• Work required: Although the data below holds other lines too, output only those from the line with "Athleta Heather Gray" up to and including the line with "Apartamento T1 Novo", exactly as they appear.

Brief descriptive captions
-------------------------
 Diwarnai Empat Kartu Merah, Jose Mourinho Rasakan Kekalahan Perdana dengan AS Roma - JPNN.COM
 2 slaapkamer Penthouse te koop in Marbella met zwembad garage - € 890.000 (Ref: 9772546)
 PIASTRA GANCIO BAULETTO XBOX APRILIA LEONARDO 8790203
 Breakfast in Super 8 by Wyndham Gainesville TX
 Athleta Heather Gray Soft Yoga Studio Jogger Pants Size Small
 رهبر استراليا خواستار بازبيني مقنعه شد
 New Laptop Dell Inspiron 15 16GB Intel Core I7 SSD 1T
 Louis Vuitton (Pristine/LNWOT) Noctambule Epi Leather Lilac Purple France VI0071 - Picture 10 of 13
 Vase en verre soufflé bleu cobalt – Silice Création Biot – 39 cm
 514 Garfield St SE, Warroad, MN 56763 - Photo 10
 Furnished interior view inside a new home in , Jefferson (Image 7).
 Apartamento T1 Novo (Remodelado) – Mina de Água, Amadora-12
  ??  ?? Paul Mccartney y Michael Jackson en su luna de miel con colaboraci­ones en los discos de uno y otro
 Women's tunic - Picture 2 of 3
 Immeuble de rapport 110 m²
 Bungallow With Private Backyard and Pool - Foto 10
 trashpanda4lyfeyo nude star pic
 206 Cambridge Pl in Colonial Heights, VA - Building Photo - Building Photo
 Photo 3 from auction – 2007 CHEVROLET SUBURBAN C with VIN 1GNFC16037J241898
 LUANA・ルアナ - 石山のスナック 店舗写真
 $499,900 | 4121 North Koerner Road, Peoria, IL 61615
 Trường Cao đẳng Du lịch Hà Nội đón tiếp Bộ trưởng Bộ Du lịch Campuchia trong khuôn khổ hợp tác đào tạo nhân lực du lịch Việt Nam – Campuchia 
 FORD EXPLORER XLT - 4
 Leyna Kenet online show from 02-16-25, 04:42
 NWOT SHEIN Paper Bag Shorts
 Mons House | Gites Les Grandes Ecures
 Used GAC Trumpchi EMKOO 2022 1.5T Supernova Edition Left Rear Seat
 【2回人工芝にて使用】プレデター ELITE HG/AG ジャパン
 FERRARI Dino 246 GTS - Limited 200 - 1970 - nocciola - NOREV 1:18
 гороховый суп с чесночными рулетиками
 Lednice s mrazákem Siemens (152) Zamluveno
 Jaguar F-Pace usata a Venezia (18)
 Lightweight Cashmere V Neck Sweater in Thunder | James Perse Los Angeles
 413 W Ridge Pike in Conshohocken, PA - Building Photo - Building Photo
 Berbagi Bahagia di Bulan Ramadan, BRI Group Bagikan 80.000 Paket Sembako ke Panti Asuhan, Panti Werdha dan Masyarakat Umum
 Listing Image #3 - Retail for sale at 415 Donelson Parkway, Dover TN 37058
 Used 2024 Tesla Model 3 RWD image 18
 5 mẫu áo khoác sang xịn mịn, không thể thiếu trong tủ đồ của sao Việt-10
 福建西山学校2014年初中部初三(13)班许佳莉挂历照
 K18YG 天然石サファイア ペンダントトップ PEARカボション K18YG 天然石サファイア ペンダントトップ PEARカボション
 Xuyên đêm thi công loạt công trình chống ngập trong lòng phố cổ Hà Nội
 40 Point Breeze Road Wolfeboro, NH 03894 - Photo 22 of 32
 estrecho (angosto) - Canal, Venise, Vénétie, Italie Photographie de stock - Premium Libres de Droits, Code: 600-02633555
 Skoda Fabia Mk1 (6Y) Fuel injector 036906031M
-------------------------
• Answer:
 Athleta Heather Gray Soft Yoga Studio Jogger Pants Size Small
 رهبر استراليا خواستار بازبيني مقنعه شد
 New Laptop Dell Inspiron 15 16GB Intel Core I7 SSD 1T
 Louis Vuitton (Pristine/LNWOT) Noctambule Epi Leather Lilac Purple France VI0071 - Picture 10 of 13
 Vase en verre soufflé bleu cobalt – Silice Création Biot – 39 cm
 514 Garfield St SE, Warroad, MN 56763 - Photo 10
 Furnished interior view inside a new home in , Jefferson (Image 7).
 Apartamento T1 Novo (Remodelado) – Mina de Água, Amadora-12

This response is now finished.